Fit and predict weight function.

Parameters:
  • step_per_trajectory (int (> 0)) – Number of timesteps in an episode.

  • state (array-like of shape (n_trajectories * step_per_trajectory, state_dim)) – State observed by the behavior policy.

  • action (array-like of shape (n_trajectories * step_per_trajectory)) – Action chosen by the behavior policy.

  • evaluation_policy_action_dist (array-like of shape (n_trajectories * step_per_trajectory, n_actions)) – Conditional action distribution induced by the evaluation policy, i.e., \(\pi(a \mid s_{t+1}) \forall a \in \mathcal{A}\)

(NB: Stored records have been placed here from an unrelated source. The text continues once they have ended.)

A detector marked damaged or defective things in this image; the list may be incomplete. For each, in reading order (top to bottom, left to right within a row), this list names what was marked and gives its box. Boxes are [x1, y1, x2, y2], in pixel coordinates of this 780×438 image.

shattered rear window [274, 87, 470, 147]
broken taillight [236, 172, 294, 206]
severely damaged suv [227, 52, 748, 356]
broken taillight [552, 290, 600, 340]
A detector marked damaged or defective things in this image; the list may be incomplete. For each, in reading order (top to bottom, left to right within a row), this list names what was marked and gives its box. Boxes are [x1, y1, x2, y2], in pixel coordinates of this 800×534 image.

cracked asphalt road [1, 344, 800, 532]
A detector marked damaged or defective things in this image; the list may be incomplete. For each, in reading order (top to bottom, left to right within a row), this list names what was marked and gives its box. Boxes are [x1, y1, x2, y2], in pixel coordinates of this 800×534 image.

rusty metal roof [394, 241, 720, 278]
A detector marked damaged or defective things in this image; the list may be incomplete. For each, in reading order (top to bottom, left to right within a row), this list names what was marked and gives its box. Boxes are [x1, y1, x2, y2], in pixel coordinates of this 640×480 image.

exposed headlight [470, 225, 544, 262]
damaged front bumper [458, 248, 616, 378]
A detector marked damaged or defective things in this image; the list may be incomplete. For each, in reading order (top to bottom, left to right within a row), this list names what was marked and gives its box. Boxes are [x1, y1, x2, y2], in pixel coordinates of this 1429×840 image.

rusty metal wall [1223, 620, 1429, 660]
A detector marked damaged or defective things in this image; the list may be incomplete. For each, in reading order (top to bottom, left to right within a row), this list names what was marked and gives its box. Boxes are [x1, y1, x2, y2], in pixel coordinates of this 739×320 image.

  • n_steps (int, default=10000 (> 0)) – Number of gradient steps.

  • n_steps_per_epoch (int, default=10000 (> 0)) – Number of gradient steps in a epoch.

  • regularization_weight (float, default=1.0 (> 0)) – Scaling factor of the regularization weight.

  • random_state (int, default=None (>= 0)) – Random state.

Returns:

importance_weight – Estimated state-action marginal importance weight.

Return type:

ndarray of shape (n_trajectories * step_per_trajectory)

class scope_rl.ope.weight_value_learning.minimax_weight_learning_discrete.DiscreteMinimaxStateWeightLearning(w_function, gamma=1.0, bandwidth=1.0, state_scaler=None, batch_size=128, lr=0.0001, device='cuda:0')[source]#

Minimax Weight Learning for marginal OPE estimators (for discrete action space).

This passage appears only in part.